IMG_1309-0Periodically, I like to take a moment to make sure people are up to speed on the status of formal disciplinary investigations for NOPD and the benefits provided by the FOP Legal Defense Plan.

The federal consent decree entered into by the City of New Orleans and the Dept. of Justice requires that complaint classification be “allegation-based” as opposed to “outcome-based.”  That has been interpreted to mean that whatever the allegation is, even if it is extraordinarily unlikely or impossible, that allegation will be investigated.  While I disagree that the consent decree requires a full, formal investigation into every allegation, the current interpretation results in that conclusion.  The end result is that every complaint, no matter how insignificant, is likely to result in a formal disciplinary investigation.

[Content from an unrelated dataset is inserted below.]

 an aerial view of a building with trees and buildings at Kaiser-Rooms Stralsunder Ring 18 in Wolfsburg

As most of you are already aware, many of these investigations are being referred to district/division supervisors to investigate.  A few, however, remain with PIB to investigate.  The consent decree requires that allegations involving (1) serious misconduct (including, but not limited to criminal misconduct, unreasonable force, discriminatory policing, false arrest, planting evidence, untruthfulness/false statements, unlawful search, retaliation, sexual misconduct, domestic violence, and theft) and (2) misconduct implicating the conduct of supervisory or command leadership of the subject officer be investigated by PIB (as opposed to district/division supervisors).  the consent decree also allows for district/division Commanders to request that PIB investigate in lieu of a district/division supervisor.  Other than that, the investigation is likely to be conducted by a district/division supervisor.

The NOPD is NOT required to notify an officer of a pending complaint.  It is quite common for officers to learn of a pending complaint when they receive an email from Civil Service about an extension hearing.  Officers should look out for emails from Civil Service in their departmental email.  Officer should request a copy of their “Short Form” from PIB regularly.  DI-1 investigations can interfere with promotions and transfers in addition to potential disciplinary action.

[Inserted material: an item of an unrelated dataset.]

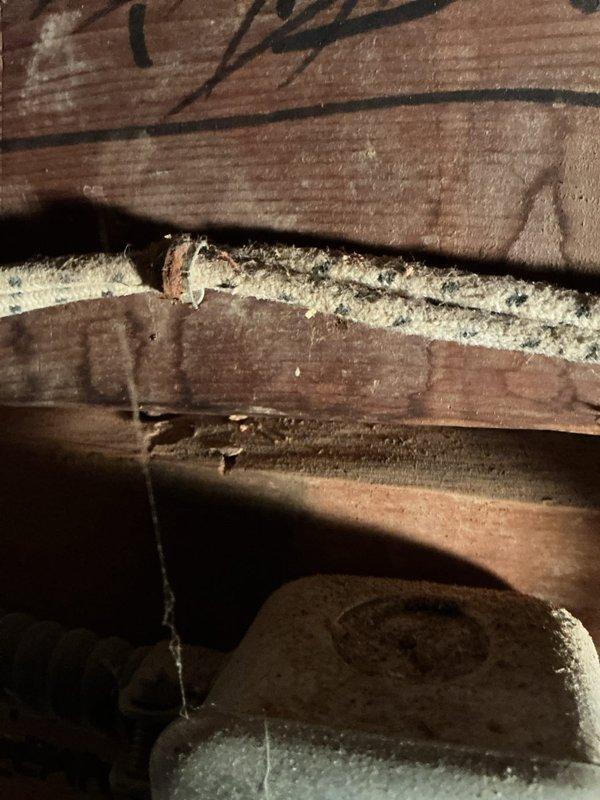 Responded to service call for non-operational air conditioning system on 5-year-old unit. Upon arrival, performed comprehensive system diagnostics and inspection of both indoor and outdoor components. Accessed attic crawl space to inspect air handler, ductwork connections, and related mechanical assemblies. Examined structural mounting points, spring-loaded damper mechanisms, and ventilation components for proper operation and secure installation. Verified all electrical connections, safety devices, and mechanical linkages were intact and functioning within manufacturer specifications. Inspected ductwork for air leaks, proper insulation integrity, and secure fastening to structural members. Documented existing conditions through photographic evidence showing attic infrastructure, HVAC component placement, and overall system configuration. System restored to full operational status with all components verified working correctly.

It is common practice for complaint investigators to request an extension under La. R.S. 40:2531(b)(7) and Civil Service Rule IX Sec. 1.4.  This request has to be made within 30 days of initiating the complaint by Civil Service Rules.  The law requires that the investigator show good cause why an extension is needed.  Civil Service holds a hearing to make that determination.  The law (La. R.S. 40:2531) requires that the officer be notified of that hearing so they have an opportunity to respond or oppose the extension.  Civil Service accomplishes this notice by sending an email to the officer’s departmental email address.  Click here to see an example.

The FOP Legal Defense Plan provides for legal representation through all stages of an internal investigation.  If you receive an email from Civil Service regarding an extension hearing, give us a call.  If you receive a call from a PIB supervisor regarding an investigation or statement, give us a call.  If you are notified by a district/division supervisor of the need to make a statement in an investigation or the existence of a complaint, give us a call.  Even if you are absolutely positive that there could not possibly be the remote possibility of misconduct, give us a call.

I say give us a call under any circumstances for the following reasons:

  • Your FOP Legal Defense Plan dues pay for it
  • You may not have violated the policy on professionalism, but you may have forgotten to complete an FIC
  • You may end up sustained on an unrelated violation
  • You may want to utilize the FOP’s Salary Reimbursement Option
  • You may want to appeal

I can say that, generally speaking, it is much more effective and helpful to have representation from the beginning through the end.  From my perspective, it provides much more clarity when it comes time for deciding whether or not to appeal, prosecuting an appeal, etc. if I am involved from the beginning.

I often hear “I hate to call you about this BS” or “I have a disciplinary hearing scheduled on something that I didn’t think was worth calling about.”  It does not matter how insignificant or ridiculous a complaint might be, the FOP Legal Defense Plan will cover your representation.